Hyman William A
Texas A&M University, USA.
Biomed Instrum Technol. 2011 Sep-Oct;45(5):412-5. doi: 10.2345/0899-8205-45.5.412.
An ongoing issue with respect to medical device recalls is getting the information to the right people in a timely manner so that appropriate action can be taken. For Class I recalls, this is often addressed by one or more means of professional and public communications, including after-the-fact posting of such recalls by the U.S. Food and Drug Administration (FDA). One resource that could be included in a recall strategy is the recalling company's own website where the information could be readily available in close association with other information on the product, and where it would be readily found by someone making a product specific inquiry.
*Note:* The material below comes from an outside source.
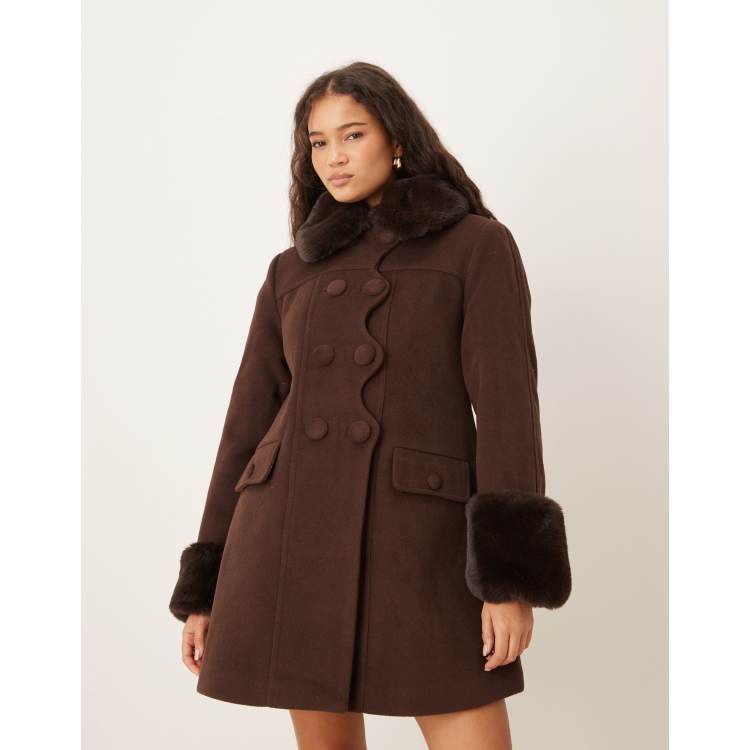 House of Sunny the dolly mid length overcoat with button detail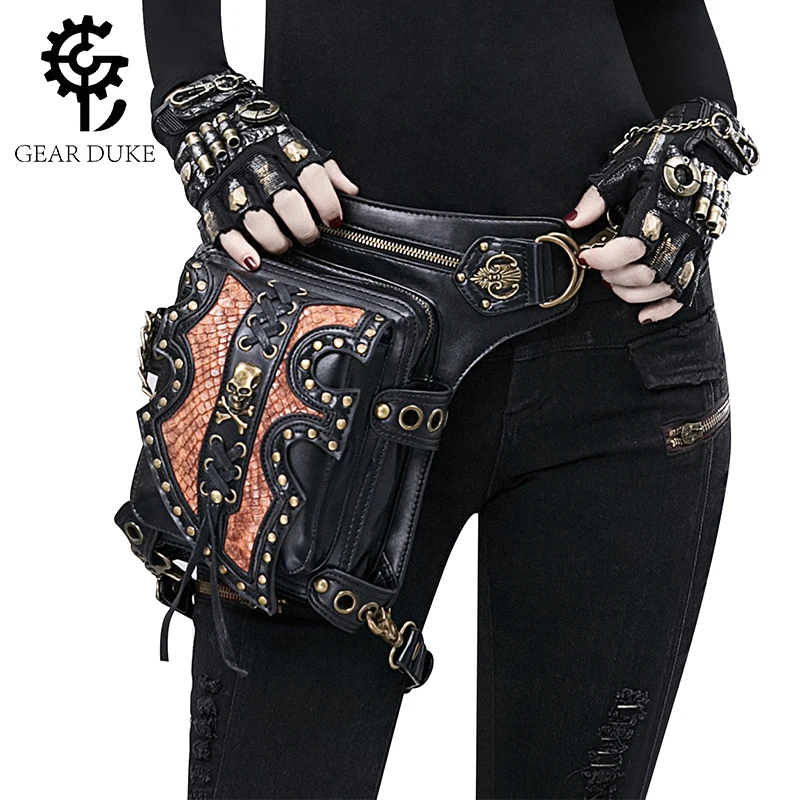 

Vintage Steampunk Bag Retro Rock Gothic Retro bag Goth Shoulder Waist Bags Packs Victorian Style Women Men leg bag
However an investigation of 13 Class I recalls from the 4th quarter of 2010 shows that only four of these included a web presence, and even among these, the recall information was not necessarily easily found, nor closely linked, to other product information.
医疗器械召回方面一个一直存在的问题是及时将信息传达给合适的人员,以便能够采取适当行动。对于I类召回,这通常通过一种或多种专业和公共沟通方式来解决,包括美国食品药品监督管理局(FDA)事后发布此类召回信息。召回策略中可以纳入的一个资源是召回公司自己的网站,在该网站上,召回信息可以与产品的其他信息紧密关联且随时可供获取,并且在有人针对特定产品进行查询时能够很容易被找到。然而,对2010年第四季度的13起I类召回事件进行的调查显示,其中只有四起涉及网络发布,而且即使在这四起事件中,召回信息也不一定很容易找到,也没有与其他产品信息紧密关联。